I thought it was the most preposterous thing I've heard at a cooks meeting.

Its either legal garnish or its not. Isnt that the extent of what judges are instructed to judge?

and what if some dink thinks your kale is romaine
 
Our KCBS rep last week told us at the cooks meeting that if you are using Romaine, the judge can either refuse to sample the turn in, or mark down your score for submitting Romaine.

I thought it was the most preposterous thing I've heard at a cooks meeting.

Its either legal garnish or its not. Isnt that the extent of what judges are instructed to judge?

and what if some dink thinks your kale is romaine

What a farked up deal, the rep should have asked the judges at their meeting if anyone was against it, and that judge should have been a table captain or removed all together.

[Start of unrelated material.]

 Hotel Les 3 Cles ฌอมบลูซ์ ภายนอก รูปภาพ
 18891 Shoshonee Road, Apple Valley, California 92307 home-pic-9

Once again KCBS at it's finest........
 
Our KCBS rep last week told us at the cooks meeting that if you are using Romaine, the judge can either refuse to sample the turn in, or mark down your score for submitting Romaine.

I thought it was the most preposterous thing I've heard at a cooks meeting.

Its either legal garnish or its not. Isnt that the extent of what judges are instructed to judge?

and what if some dink thinks your kale is romaine

Yep. You beat me to it. We were told KCBS did a press release on this issue? I haven’t looked for it yet. Anybody see this? I’m really curious how this message was conveyed down to the judges as the rep mentioned it would be explained at the judges meeting. How does a judge score down for something they are unwilling to sample? What suffers, taste? Tenderness?

So yeah, I’d advise not using romaine...
 
The rules state fresh green lettuce. So there should be no problem.
 
The issue with romaine was detected and addressed back in April. I'd be surprised if any of that product is still on the market and more surprised if any bbq cooks would use something that old as garnish.
To the original post, I used to use chopped romaine to establish some height in the box, place the meat on top of that and then parsley to trim the box. Kale has replaced that technique altogether.
 
The reps at Westmont, IL last weekend announced that there is no concern about lettuce any longer.
 
Just another situation where folks think that the quality of BBQ is determined by grass in the turn in box.

Nothing to do with quality. The concern was for the safety of the cooks and judges in light of the recalls. I would rather they be overly cautious than have someone get ill.